Over the centuries, there have been numerous art periods and countless movements that have each inspired future artists to change the way they approach their work. Some art movements might not have had a big impact at the time, but they greatly changed the landscape of modern art and influenced the way that artists work today. So, in order to understand the art industry in the 21st century, we’re looking back over the decades to pinpoint which movements were most important to modern art. And we’re starting at the end of the 19th century…
If you’ve ever been in a stately home and seen the portraits of lords, ladies and royalty on the walls, you can imagine what the art scene looked like before Impressionism began. It was full of dark, muted colours and realistic imagery. The eyes of the portraits are so real that they seem to follow you around, don’t they? Well, when impressionism began in the late 19th century, all that went out of the window.
Painters used brighter colours, tried to capture natural light and used their brushstrokes to show movement. They aimed to create an ‘impression’ of the scene rather than a realistic replica. Influential painters from this movement include Monet, Renoir and Sisley. The brighter colours they used, and their more fluid way of painting influenced the next art movement Post-Impressionism (the period in which Van Gogh, Cézanne and Gauguin found fame) showing that the art industry was never quite the same again after the Impressionist period.
Gustave Caillebotte - Paris Street; Rainy Day
During the years between the two world wars, Surrealism was born. The style was more realist than the Cubist and Impressionist periods before it. The subject was painted perfectly accurately, yet completely unbelievably. Imagine Salvador Dali’s melting clocks or René Magritte’s stately-home-esque portraits. They’re beautifully painted in those traditional muted colours, but the subject has been distorted until it makes no sense at all. This art movement aimed to capture a dreamlike state where the image was symbolic, and anything was possible. This rule-free style influenced the future of art, leading to the entirely non-figurative work of Abstract painters.
René Magritte - Golconda
Taking bright colours and dabs of paint from the Impressionists, and inspired by the Surrealists’ aim of capturing emotion, painters from the Abstract Expressionist movement focused entirely on the process of creating the painting. With artists such as Jackson Pollock drizzling paint onto a canvas and Rothko’s bold brushstrokes with a large decorating brush, the finished image couldn’t be planned in advance. It’s spontaneous, colourful and rarely shows any kind of subject image. This art movement took place in the middle of the 20th Century, around same the time that people were becoming more design-aware and homes were being decorated in brighter colours and bold patterns.
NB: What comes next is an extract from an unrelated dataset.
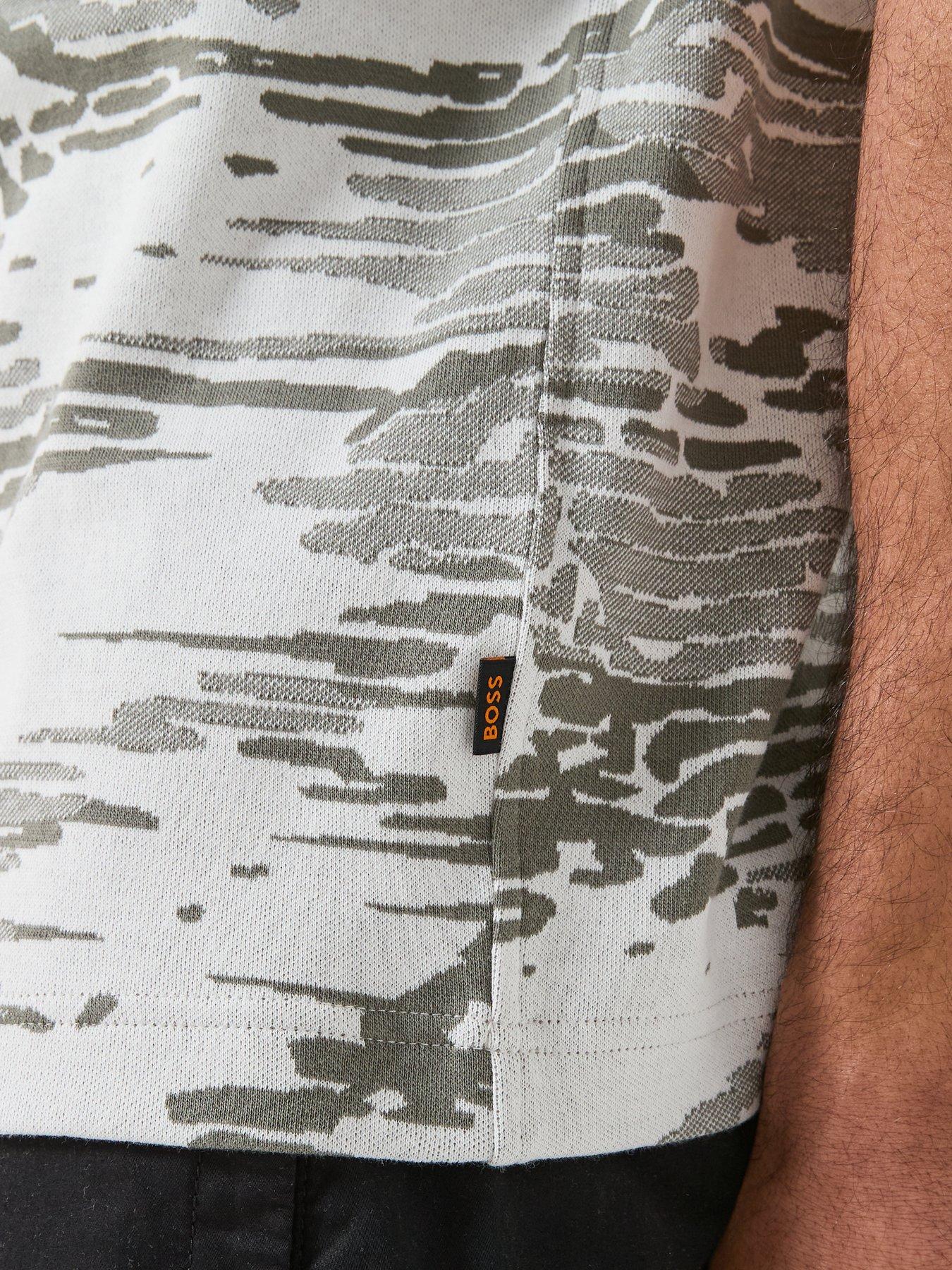 boss-boss-te_wild-nature-relaxed-fit-camo-t-shirt-light-greendetail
Arshile Gorky working on "Modern Aviation"
It wasn’t long before the exciting colours of Impressionism and the realist-yet-warped influences of Surrealism led to the Pop Art movement. In fact, Pop Artists were rebelling against Abstract Expressionism by creating figurative images with bold outlines and intentional designs. This art period took place in the 50s and 60s, so it looked to the flourishing advertising industry for inspiration.
Posters, books, film and television all played a part in the movement. Pop Art artists such as Warhol and Lichtenstein were inspired to create graphic, design-led, factory-produced artworks. Their subjects were mass-culture icons like celebrities, comic books and even everyday items like tins of soup. The movement was extremely important in shaping the art industry today, as the influence of the Pop Art style can be seen in the subsequent Minimalism, Postmodernism, Street Art, Toyism, Young British Artists and Digital Art movements.